Finalizada la “Campaña del Desierto”, hacia 1890 comenzó la “Campaña del Gran Chaco” para extender el dominio estatal en lo que hoy conocemos como las provincias de Chaco y Formosa.  Tras derrotar militarmente a los líderes indígenas, el Estado nacional instauró un criminal sistema de reducciones dedicadas a la explotación forestal y de algodón. Estas instituciones, bajo la dependencia del Ministerio del Interior, funcionaron como campos de concentración y explotación indígena hasta la década de 1950 y en sus límites ocurrieron las peores masacres racistas de la Argentina moderna, como la masacre de Napalpí, del Zapallar y de La Bomba.

No fue sólo Julio Argentino Roca

Las campañas militares y los sistemas de reducciones indígenas sólo fueron la punta del iceberg de un sistema estatal y cultural de racialización social.
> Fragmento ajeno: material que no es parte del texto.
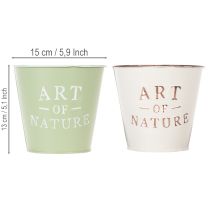 Artikel Übertopf-Set Art of Nature aus Metall, 15 cm, 2 Stück, creme und grün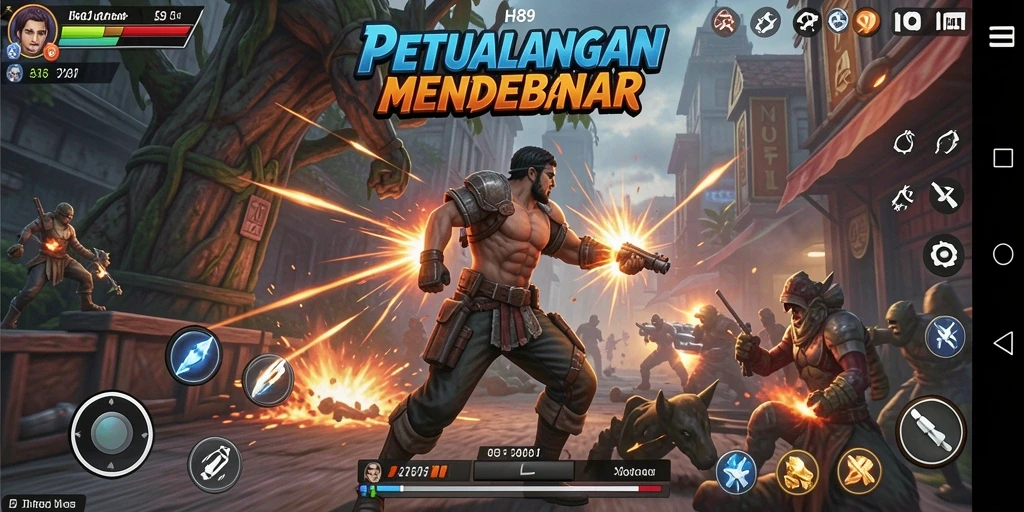 Screenshot menampilkan aksi seru dalam H89 yang dinamis.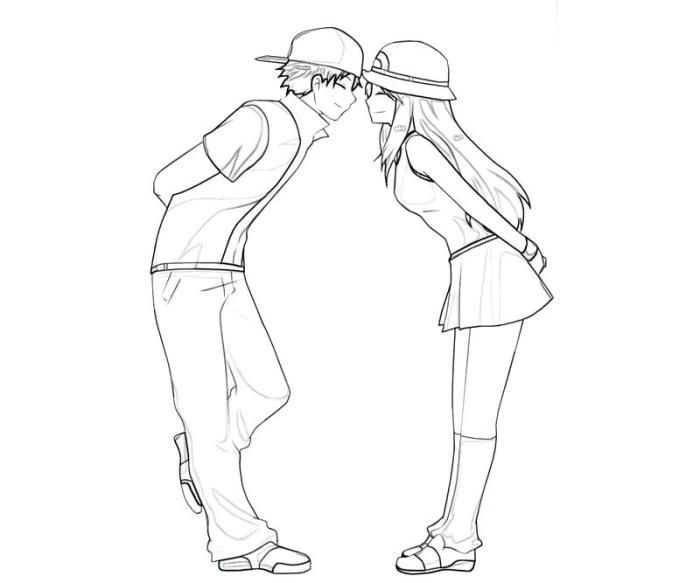 Cute anime couples coloring pages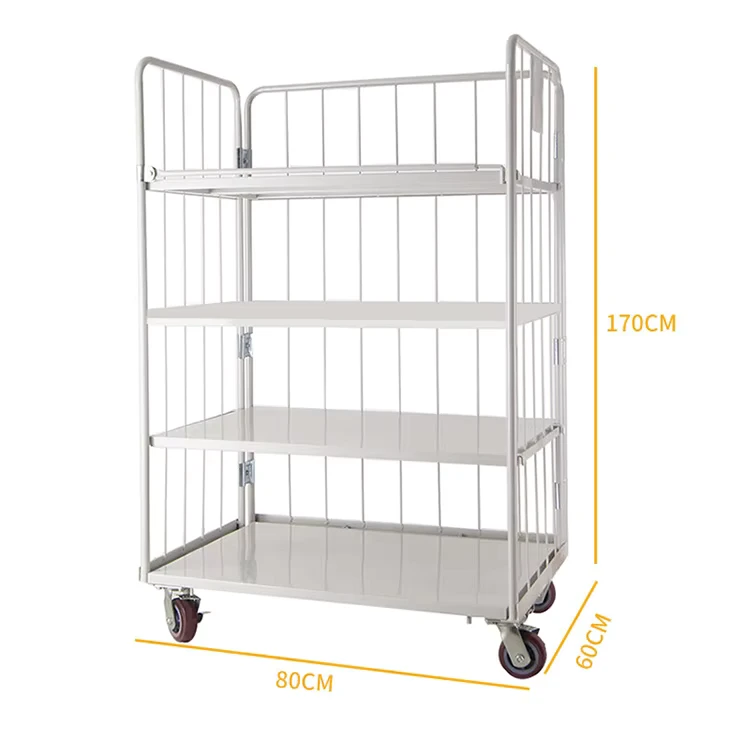 Warehouse Storage Transport Three Side Folding Roll Container Cage Trolley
La obra que el ejército ejecutó con las Remigton fue completada por docentes, juristas, sacerdotes, burócratas, periodistas, académicos, científicos, damas de caridad, museólogos, historiadores e intelectuales que justificaron lo ocurrido y perpetraron una concepción de jerarquías raciales en los seres humanos.
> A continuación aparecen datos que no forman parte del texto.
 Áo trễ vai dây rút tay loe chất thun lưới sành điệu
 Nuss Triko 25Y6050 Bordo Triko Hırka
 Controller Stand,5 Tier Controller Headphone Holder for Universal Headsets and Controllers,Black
Las incursiones militares en la Patagonia y el Chaco y las reducciones indígenas acontecieron frente a una sociedad que aprendió a despreciar a los indígenas y su modo de vida. Tan sólo un puñado de voces intentó denunciar, infructuosamente, los atropellos que se sucedían ante los ojos de la gente de bien que no se indignaba frente al mal y la violencia.

Recién con el advenimiento de la democracia, tras la última dictadura militar, el Estado argentino comenzó a sancionar leyes de reconocimiento de los derechos de los pueblos originarios en nuestro país. En cuarenta años de continuidad institucional, las políticas de reparación y reconocimiento indígena han sido escasas, lo que queda en evidencia al ver las condiciones territoriales y de vida de las comunidades atravesadas por desalojos, falta de agua, ausencia de servicios de salud y, sobre todo, hambre.

Es una vergonzosa realidad: nuestra amada Argentina se consolidó como Estado nacional con el genocidio indígena y sus consecuencias siguen presentes hoy en un país que se autopercibe blanco y el menos latinoamericano de América.

En el sentido común, construido y reproducido, un rostro indígena es extranjero, o pobre, o delincuente, o inculto o, en el mejor de los casos, folclórico. En nuestro sentido común, lo indígena está extinto y se lo puede ver en un museo. Y, muy peligrosamente, en el actual discurso oficial, con Patricia Bullrich a la cabeza, indígenas organizados para reclamar por sus derechos son grupos terroristas.

Es cierto, Cristóbal Colón y Roca tuvieron la culpa. También es cierto que dirigentes como Patricia Bullrich y todo el actual gobierno constituyen una amenaza para la construcción de una sociedad pluricultural que no violente ni racialice. No podemos dejar de reconocer que comunicadoras como Susana Giménez dicen cosas reprochables desde una perspectiva de los derechos. Pero que todo eso no nos des-responsabilice de esa cuota de racismo que, sin quererlo, pero a veces sin evitarlo, coexiste en nosotros y nosotras.